Some of you tried to get around this by using the Gandy Bridge (US 92) as an alternative. No can do, due to construction and backups on the eastbound span of the Gandy Bridge. (That's right, there is work going on at Gandy Blvd. in Tampa!)
There is indeed a widening project going on at Interstate 275 in Tampa. That’s right, we need it to help alleviate congestion. The first segment from just west of Ashley Drive/Tampa Street/Scott Street (Exit 44) westward to Himes Avenue (Exit 41C) is just the icing of the cake – it’s part of a bigger project to give Interstate 275 in Tampa a major overhaul.
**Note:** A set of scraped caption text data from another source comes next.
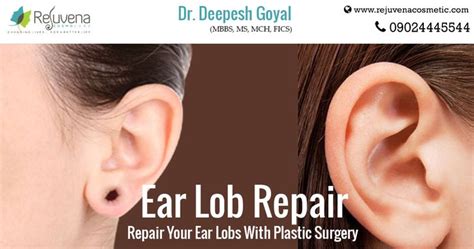 Earlobe Repair Is A Surgical Procedure For People With Stretched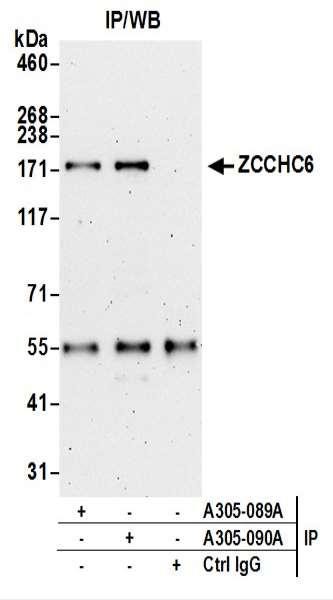 Anti-ZCCHC6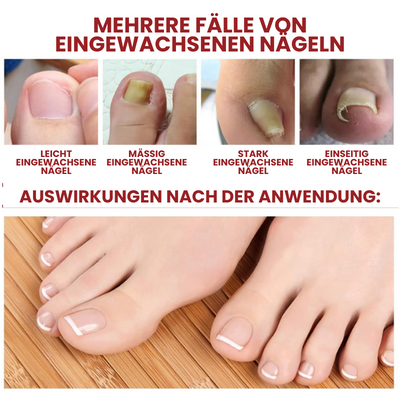 NailSoothe™ | Anti-Paronychie-Hilfsöl - 10ML (Jetzt 1+1 GRATIS)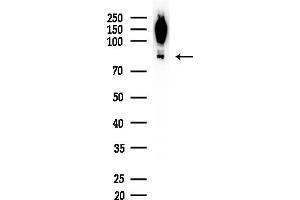 anti-Phosphatidylinositol Glycan Anchor Biosynthesis, Class Q (PIGQ) (Internal Region) antibody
On Monday, 25 February 2008 I came across one of Bay News 9’s “I-Polls” where you can vote and leave a comment. The topic was about how the construction on Interstate 275 in Tampa will bring needed relief. Well, I got some bad news for you: Even with the improvements made there will not be any congestion relief for Interstate 275.
Why?
First, here is a comment I left at Bay News 9:
The widening of Interstate 275 in Tampa will bring some relief but not the relief hoped for. It is going to take a twenty lane Interstate 275 at least to solve our traffic woes. But what we desperately need here in the Tampa Bay area is rail based mass transit and it is needed now - not five years, not ten years, not twenty years! No matter why corporations won't come to the Tampa Bay region and fewer people move here all because of lack of a workable mass transit system and increasingly unaffordable housing.
If you want to live close to work (and your place of work is in a downtown area like Tampa or St. Petersburg), forget it. Unaffordable housing in the Tampa Bay area is making people take commutes of an hour or more from outlying areas such as Pasco or Hernando Counties. Not only you are throwing money down the drain in commuting costs (when will we see gasoline top $4.00 a gallon? Count on it!), you are paying high insurance due to your long commute to and from work!
So you can’t find a place close to work that is affordable for you. You explore alternatives like our present day mass transit system provided courtesy of HART and PSTA. Unfortunately, your work schedule conflicts with the bus schedules, so a car is a must.
The result: A highly clogged Interstate 275 and you are stuck in traffic going nowhere.
Now for the real solution to the clogged Interstate 275 mess, even after it’s all said and done: Rail based mass transit. Baltimore has it. Washington, DC has it. Los Angeles has it. Ft. Lauderdale and Miami have it. And Orlando is going to be getting it soon. But the Tampa Bay area lacks a great rail based mass transit system.
Why rail? Buses are great but they are subject to the same traffic gridlock you and I are used to when we drive. Rail based mass transit would provide an excellent alternative to sitting in traffic on Interstate 275 all day. Besides, you can sit back and enjoy the trip to the office rather than be stressed out.
Rail based mass transit is what the Tampa Bay area really needs, rather than a twenty lane Interstate 275. Besides, land for any expansion of Interstate 275 is at a premium and it gets very expensive.
And rail based mass transit can provide a much needed boost to the Tampa Bay area economy. Complement that with a properly widened Interstate 275 and there you go.
By the way, if all goes as planned this segment of Interstate 275 being reconstructed in Tampa is slated to be done in 2010, according to the folks at the Florida DOT. Now I want to hear from you your Interstate 275 in Tampa experiences!